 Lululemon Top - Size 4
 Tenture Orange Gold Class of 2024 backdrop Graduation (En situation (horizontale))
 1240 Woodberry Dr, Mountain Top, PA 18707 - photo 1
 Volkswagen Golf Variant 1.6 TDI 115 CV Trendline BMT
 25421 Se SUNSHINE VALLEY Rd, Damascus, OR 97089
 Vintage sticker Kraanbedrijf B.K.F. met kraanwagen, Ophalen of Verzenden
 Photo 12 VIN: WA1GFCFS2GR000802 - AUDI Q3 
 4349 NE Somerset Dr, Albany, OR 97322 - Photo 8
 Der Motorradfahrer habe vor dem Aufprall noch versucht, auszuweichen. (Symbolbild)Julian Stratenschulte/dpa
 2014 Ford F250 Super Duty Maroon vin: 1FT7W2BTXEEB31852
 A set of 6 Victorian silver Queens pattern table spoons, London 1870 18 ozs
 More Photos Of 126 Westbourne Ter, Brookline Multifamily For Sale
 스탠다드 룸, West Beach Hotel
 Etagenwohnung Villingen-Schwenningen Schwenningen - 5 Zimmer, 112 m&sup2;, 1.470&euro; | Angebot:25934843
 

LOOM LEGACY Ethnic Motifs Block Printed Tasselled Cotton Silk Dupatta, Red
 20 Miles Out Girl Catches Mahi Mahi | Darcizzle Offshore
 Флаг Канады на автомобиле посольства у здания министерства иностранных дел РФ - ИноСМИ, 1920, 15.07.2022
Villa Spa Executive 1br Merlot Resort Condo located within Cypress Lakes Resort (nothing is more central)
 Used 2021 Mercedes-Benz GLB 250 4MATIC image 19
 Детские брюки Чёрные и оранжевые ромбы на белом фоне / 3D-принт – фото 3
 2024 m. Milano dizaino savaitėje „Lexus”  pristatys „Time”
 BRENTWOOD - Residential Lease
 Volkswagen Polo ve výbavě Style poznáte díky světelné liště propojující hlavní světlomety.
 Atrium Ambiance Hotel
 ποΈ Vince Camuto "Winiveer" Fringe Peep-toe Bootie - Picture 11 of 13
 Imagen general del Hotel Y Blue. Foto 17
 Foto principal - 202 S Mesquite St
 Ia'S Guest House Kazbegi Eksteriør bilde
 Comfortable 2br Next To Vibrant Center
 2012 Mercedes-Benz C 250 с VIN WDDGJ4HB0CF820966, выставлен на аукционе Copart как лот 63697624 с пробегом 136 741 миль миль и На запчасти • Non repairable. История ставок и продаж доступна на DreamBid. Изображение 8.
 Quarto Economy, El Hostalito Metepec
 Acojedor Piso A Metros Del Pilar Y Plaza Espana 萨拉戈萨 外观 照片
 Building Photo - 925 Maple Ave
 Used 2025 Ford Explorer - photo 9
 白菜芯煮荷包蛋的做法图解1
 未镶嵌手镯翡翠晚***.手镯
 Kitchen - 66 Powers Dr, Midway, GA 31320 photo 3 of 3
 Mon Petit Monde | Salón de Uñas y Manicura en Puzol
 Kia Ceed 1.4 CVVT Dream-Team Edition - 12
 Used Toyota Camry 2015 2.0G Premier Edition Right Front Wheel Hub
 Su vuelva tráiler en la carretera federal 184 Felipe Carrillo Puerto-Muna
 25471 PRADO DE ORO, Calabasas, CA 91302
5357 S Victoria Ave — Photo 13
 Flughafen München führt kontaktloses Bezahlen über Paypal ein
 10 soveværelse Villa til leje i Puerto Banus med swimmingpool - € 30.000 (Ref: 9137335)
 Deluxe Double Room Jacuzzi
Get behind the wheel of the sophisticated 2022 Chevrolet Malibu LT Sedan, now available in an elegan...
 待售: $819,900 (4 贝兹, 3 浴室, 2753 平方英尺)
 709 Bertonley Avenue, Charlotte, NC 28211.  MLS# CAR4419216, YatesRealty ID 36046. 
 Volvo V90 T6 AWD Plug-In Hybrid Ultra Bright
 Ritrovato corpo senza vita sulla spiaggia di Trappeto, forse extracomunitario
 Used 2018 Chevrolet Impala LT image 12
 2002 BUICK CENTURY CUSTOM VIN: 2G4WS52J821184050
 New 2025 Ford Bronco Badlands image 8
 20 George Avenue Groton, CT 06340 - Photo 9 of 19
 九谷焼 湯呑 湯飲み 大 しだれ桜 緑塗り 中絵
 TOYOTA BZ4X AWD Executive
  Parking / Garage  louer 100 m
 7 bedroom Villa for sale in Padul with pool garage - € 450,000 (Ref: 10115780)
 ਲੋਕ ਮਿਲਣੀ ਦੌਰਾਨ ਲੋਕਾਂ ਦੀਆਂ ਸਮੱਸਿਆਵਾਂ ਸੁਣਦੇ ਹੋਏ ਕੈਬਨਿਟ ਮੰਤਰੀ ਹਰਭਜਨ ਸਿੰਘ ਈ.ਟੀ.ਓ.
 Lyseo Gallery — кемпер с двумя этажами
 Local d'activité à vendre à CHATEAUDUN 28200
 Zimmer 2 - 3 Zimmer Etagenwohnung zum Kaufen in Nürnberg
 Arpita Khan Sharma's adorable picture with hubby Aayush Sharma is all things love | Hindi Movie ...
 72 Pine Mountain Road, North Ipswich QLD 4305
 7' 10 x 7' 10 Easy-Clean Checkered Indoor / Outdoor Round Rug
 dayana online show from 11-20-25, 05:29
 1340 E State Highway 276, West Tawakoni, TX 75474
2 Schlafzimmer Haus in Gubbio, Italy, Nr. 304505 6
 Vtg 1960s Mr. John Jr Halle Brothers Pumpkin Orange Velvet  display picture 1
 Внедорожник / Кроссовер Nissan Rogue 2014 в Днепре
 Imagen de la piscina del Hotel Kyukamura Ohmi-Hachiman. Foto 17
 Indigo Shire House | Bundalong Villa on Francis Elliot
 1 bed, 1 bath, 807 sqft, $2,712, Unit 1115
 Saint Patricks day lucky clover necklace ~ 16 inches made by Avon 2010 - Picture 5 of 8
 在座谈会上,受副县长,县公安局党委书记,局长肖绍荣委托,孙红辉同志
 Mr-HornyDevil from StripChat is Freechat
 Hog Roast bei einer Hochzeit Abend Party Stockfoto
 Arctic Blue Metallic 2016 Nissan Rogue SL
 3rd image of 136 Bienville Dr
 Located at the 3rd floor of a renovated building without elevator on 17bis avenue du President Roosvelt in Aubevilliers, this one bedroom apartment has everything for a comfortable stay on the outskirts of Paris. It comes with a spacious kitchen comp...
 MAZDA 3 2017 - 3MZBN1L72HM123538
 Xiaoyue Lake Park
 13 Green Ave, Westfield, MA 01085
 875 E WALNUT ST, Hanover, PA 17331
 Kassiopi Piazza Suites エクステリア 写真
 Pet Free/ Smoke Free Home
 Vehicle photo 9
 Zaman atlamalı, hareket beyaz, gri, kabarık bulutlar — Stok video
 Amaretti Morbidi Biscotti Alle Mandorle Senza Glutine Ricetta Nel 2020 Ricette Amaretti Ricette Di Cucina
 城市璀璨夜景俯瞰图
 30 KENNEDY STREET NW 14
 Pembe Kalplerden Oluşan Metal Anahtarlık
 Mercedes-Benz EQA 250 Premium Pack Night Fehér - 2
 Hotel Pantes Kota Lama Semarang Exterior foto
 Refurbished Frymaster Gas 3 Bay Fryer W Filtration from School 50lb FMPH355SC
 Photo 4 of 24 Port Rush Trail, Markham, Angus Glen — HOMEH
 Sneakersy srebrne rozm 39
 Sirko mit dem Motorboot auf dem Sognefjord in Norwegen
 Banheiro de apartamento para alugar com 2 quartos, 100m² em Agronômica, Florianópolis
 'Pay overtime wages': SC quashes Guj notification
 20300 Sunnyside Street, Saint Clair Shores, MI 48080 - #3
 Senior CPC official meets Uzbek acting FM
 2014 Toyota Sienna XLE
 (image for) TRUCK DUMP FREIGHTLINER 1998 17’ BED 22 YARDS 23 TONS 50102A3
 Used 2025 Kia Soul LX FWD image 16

• ACTION ITEM: Extract from the records above the lines from the one containing "25421 Se SUNSHINE" to the one containing "Der Motorradfahrer habe", both lines included, exactly as they appear and with nothing else.

• EXERCISE RESULT:
 25421 Se SUNSHINE VALLEY Rd, Damascus, OR 97089
 Vintage sticker Kraanbedrijf B.K.F. met kraanwagen, Ophalen of Verzenden
 Photo 12 VIN: WA1GFCFS2GR000802 - AUDI Q3 
 4349 NE Somerset Dr, Albany, OR 97322 - Photo 8
 Der Motorradfahrer habe vor dem Aufprall noch versucht, auszuweichen. (Symbolbild)Julian Stratenschulte/dpa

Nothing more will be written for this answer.